The vulnerability to septic encephalopathy depends on the cognitive reserve of the patient, which is determined by age and concomitant diseases. In the first years of life and beyond the age of 60, mild or moderate septicemia can cause septic encephalopathy. Conversely, in previously healthy adolescents and young adults, only very severe systemic infections can cause septic encephalopathy, i.e., the risk to develop septic encephalopathy is low.

Figure 3

Venn diagram illustrating the continuum between septic encephalopathy (microglial activation and tissue hypoxia as a consequence of septic shock predominate), septic-embolic (ischemic lesions caused by septic emboli predominate) and septic-metastatic encephalitis (microabscesses predominate).

Figure 4

Cranial magnetic resonance imaging (cMRI), fluid attenuated inversion recovery (FLAIR) sequence, of an 87 years old woman presenting with severe delirium upon Escherichia coli urosepsis. (A) Distinct vasogenic edema in the frontal and temporal lobe compatible with a posterior reversible encephalopathy syndrome (PRES) 2 days after onset of clinical symptoms. (B) Follow-up imaging 5 weeks later demonstrating complete resolution of the vasogenic edema.

Figure 5

Microglial activation and diffuse axonal injury typical for septic encephalopathy. (A) Strong microglial activation in a fatal case of Neisseria meningitidis sepsis (young woman), immunohistochemistry by polyclonal rabbit anti-Iba-1 (ionized calcium-binding adaptor molecule 1) antibodies (1:400, Wako, Neuss, Germany) counterstained with hemalum.
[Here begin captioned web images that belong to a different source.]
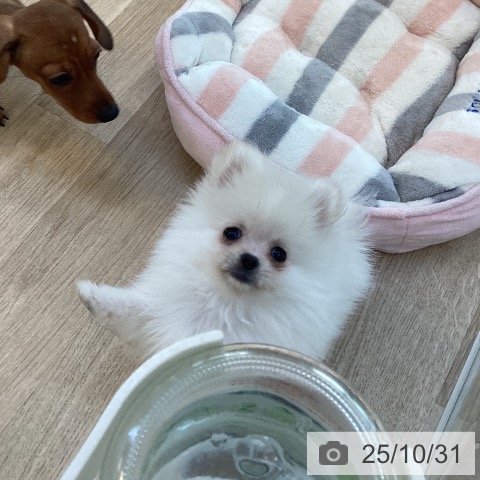福岡県のポメラニアン (ペットプラス 福岡店/2025年8月20日生まれ/男の子/ホワイトクリーム)の子犬の3枚目の画像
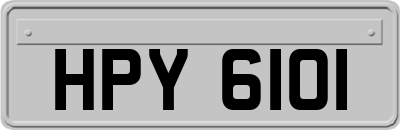 HPY6101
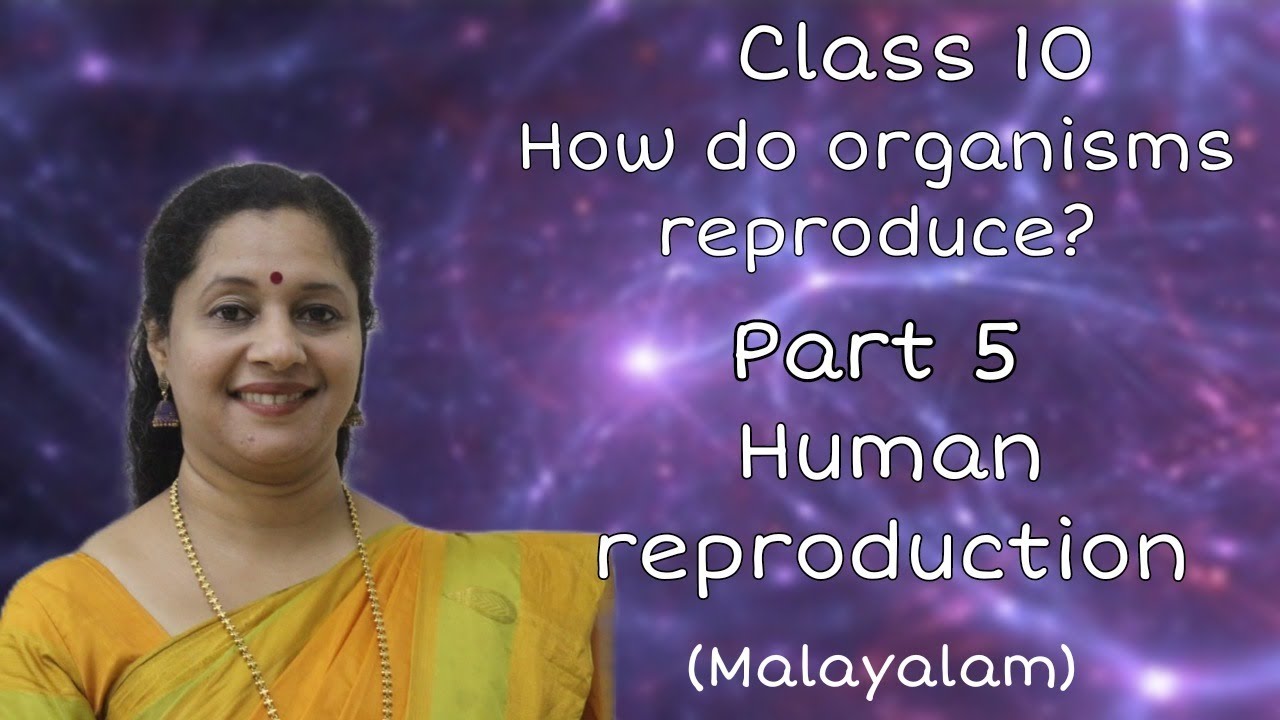 CLASS10: HOW DO ORGANISMS REPRODUCE? (MALAYALAM): PART5: HUMAN REPRODUCTION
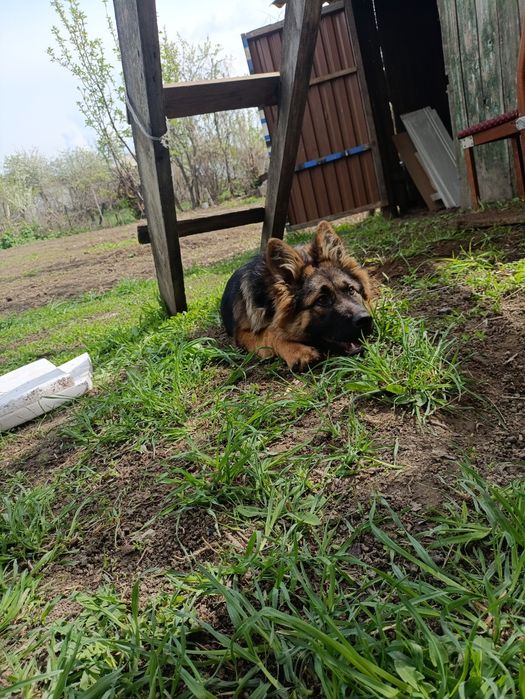 Немецкая овчарка длино шорстная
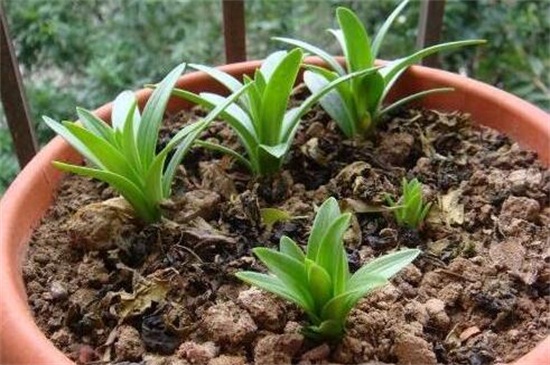 百合花的栽培办法,湿沙催芽和水肥管理是关键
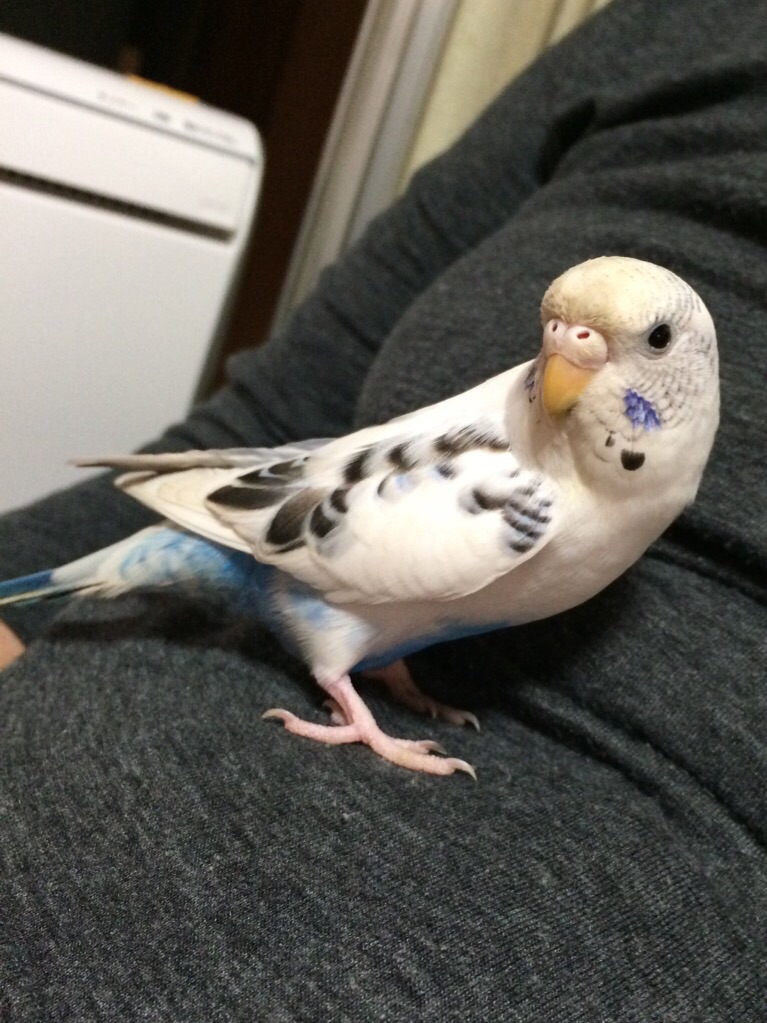 ユーザーの写真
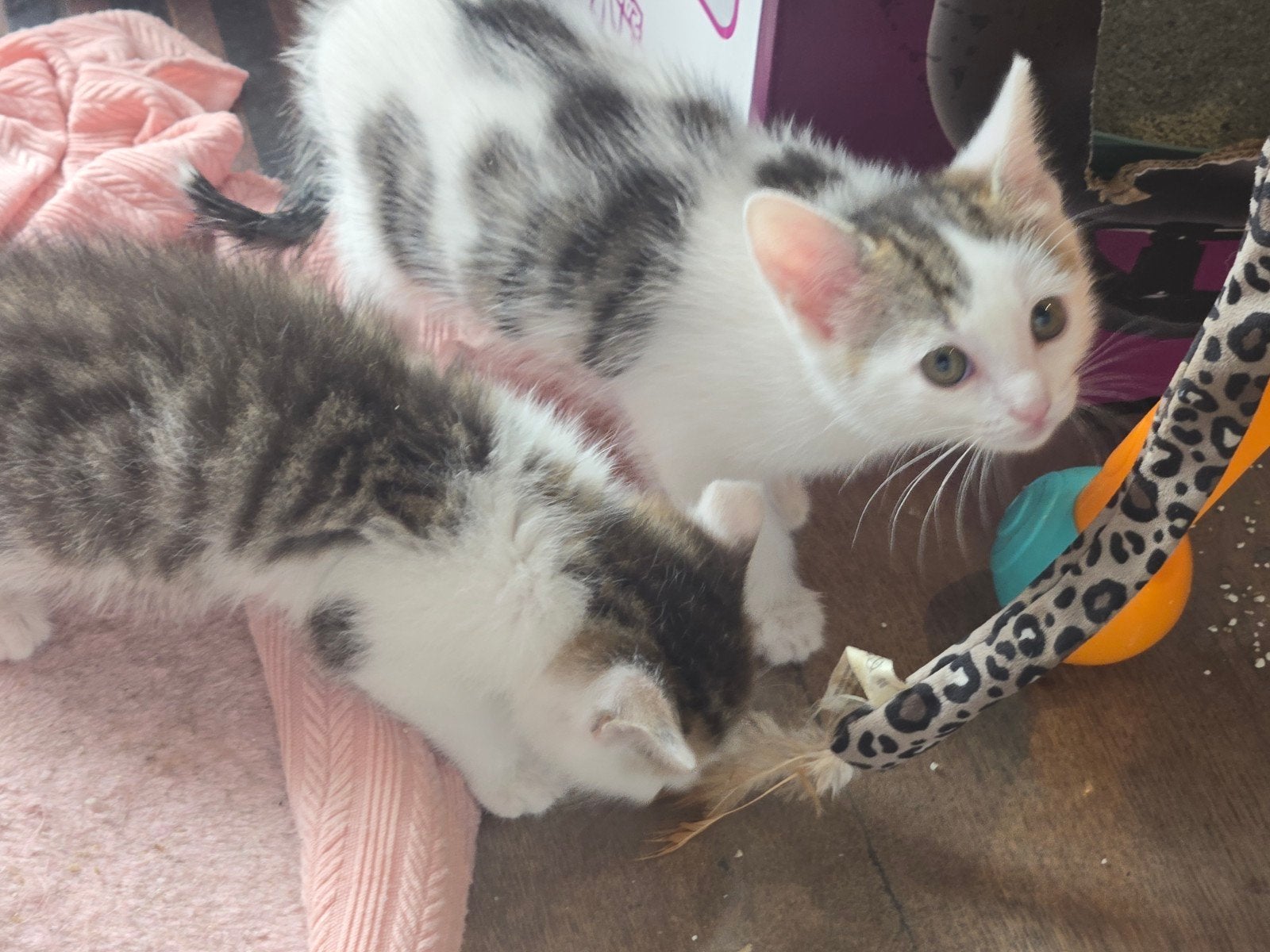 Laatste prachtige Poesje, berachikbaar, Poes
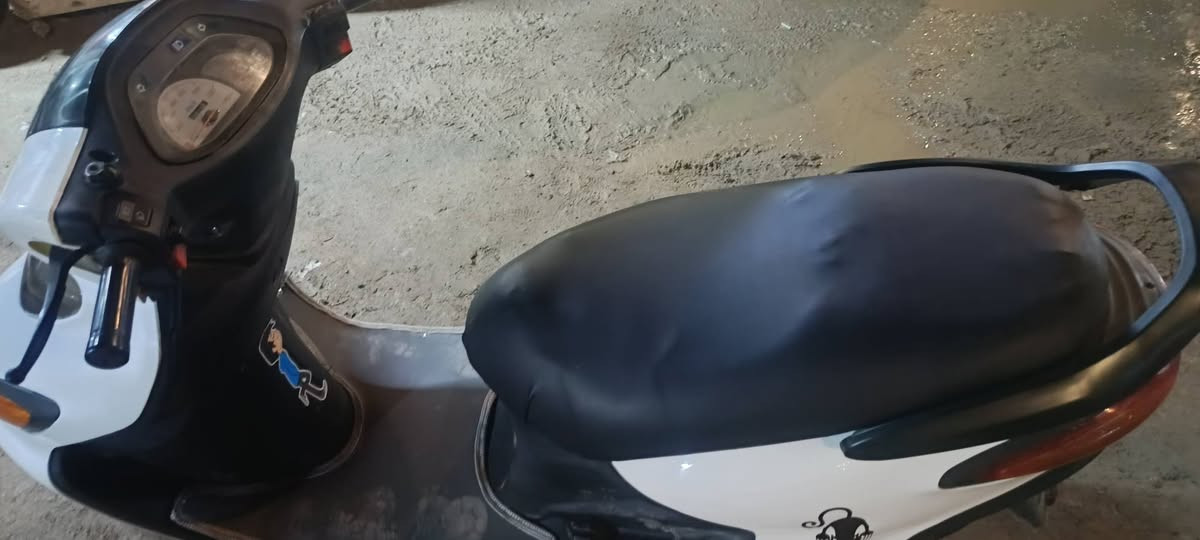 دراجه دولفين ماعايزه كلشي.
السعر خاص او الانتصال. عل رقم. ***********
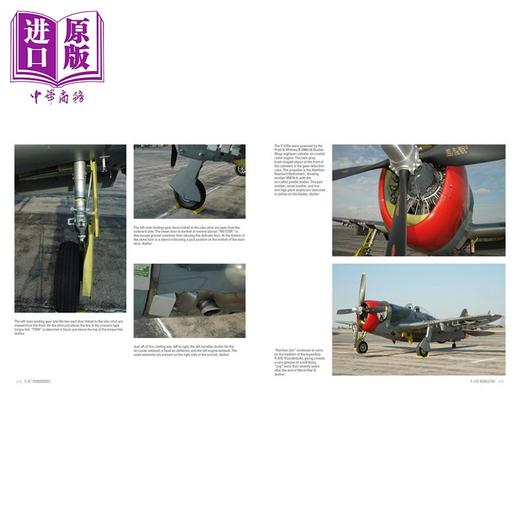 预售 【中商原版】P 47 雷电 战斗机 英文原版 P 47 Thunderbolt Republics Mighty Jug in World War II David Doyle 商品图2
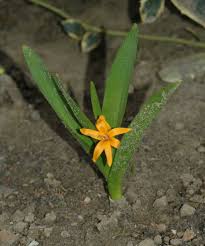 Attēlu rezultāti vaicājumam “Colchicum luteum flower”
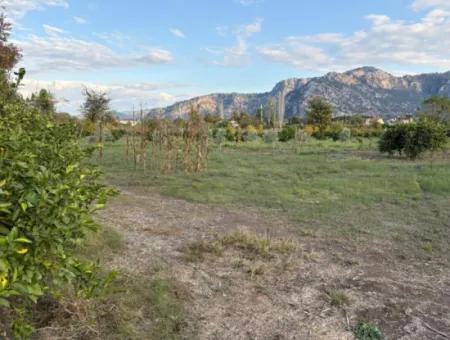 7.450M2 Land Zum Verkauf In Der Nähe Des Zentrums Von Dalyan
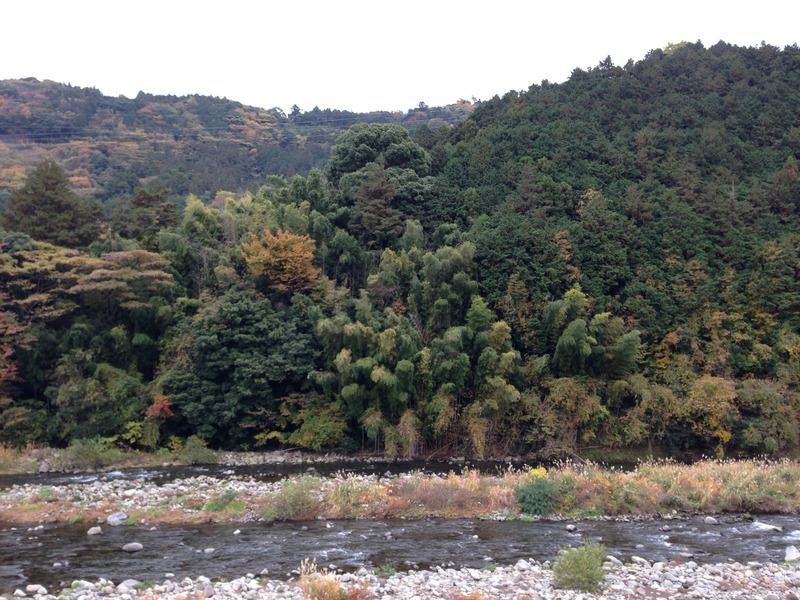 【石垣山一夜城】遠望。手前は早川。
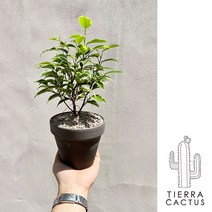 공기정화 화분 나타샤 벤자민S - 토분S 3color, 쵸코마블토분S(받침포함)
Please note the strongly activated ameboid microglia without processes (red arrows) and the moderately activated microglia with shortened processes of increased thickness (closed arrowheads) and the mildly activated microglial cell with preserved processes (open arrowhead) (objective: x40). (B) Diffuse axonal injury (red, marked by black arrows) in a 75 years old man with liver cirrhosis, sepsis and endocarditis, immunohistochemistry by a mono.clonal mouse antibody against amyloid-β precursor protein (APP) (1:2000, Chemicon, Temecula, CA, USA) counterstained with hemalum (objective: x20).

Figure 6

Diagnostic biomarkers of activation and injury in septic encephalopathy. The biomarkers are arranged according to the site of origin. The markers of endothelial activation are not specific for the brain, whereas the markers of glial activation (and injury) and of neuronal or axonal injury are relatively specific for the central nervous system.